Every time I've tried to implement Internet code, I've given up on the
idea of elegantly portable code. Just trying to deal with strictly aligned
RISC chips and ethernet devices that put a 14-byte ethernet header on a
word boundary (forcing the entire IP header to be non-word-aligned), is
enough to make me wonder how anyone can write elegantly portable Internet
code without quite a few abstraction macros. (And before you ask, no I
haven't looked at netinet recently, I gave up on this a long time ago.)

> Myself, I think the most robust answer would be to fix egcs's
> implementation-defined behaviour to be compatible with existing art
> but that may require a significant change to egcs maintainers' outlook:-)

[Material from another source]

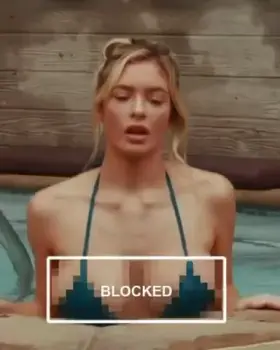 She doesn't wear bikinis like that for people like you. Get real.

While I have tried arguing the point once (with the g++ maintainer; no dice)
I personally agree in principle with what egcs is doing. In fact, I think it
should have been done AGES ago, so that all the code out there that has been
technically broken since the standard appeared would finally get fixed!

For years the C language was not what K&R first edition said; it was whatever
PCC did in order to build the unix sources. I've maintained code that tried
explicitly to emulate PCC where it differed from K&R, and I know of at least
one difference.

Once the Berkeley networking code "escaped", it became the de facto definition
of many standards, not just C. It tainted IP standards as well (or was that
Sun's fault -- remember the all zero's broadcast address fiasco??).

Sometimes I think that ANSI, ISO, IEEE, and most standards bodies are a waste
of time. We should just insist on a publically available source code base to
use as a reference. Anyone who interoperates with that code base conforms to
the standard, and anyone who doesn't is nonconformant.

After all, that's how it really works in practice, but we lie to ourselves
that the result of a committee process is somehow closer to the truth than
the reference implementation that everyone is actually using, when one exists.

I applaud the IETF procedure of requiring two independently developed
implementations of each standard, but we must recognize that even this
is not 100% foolproof.

Todd Whitesel
toddpw @ best.com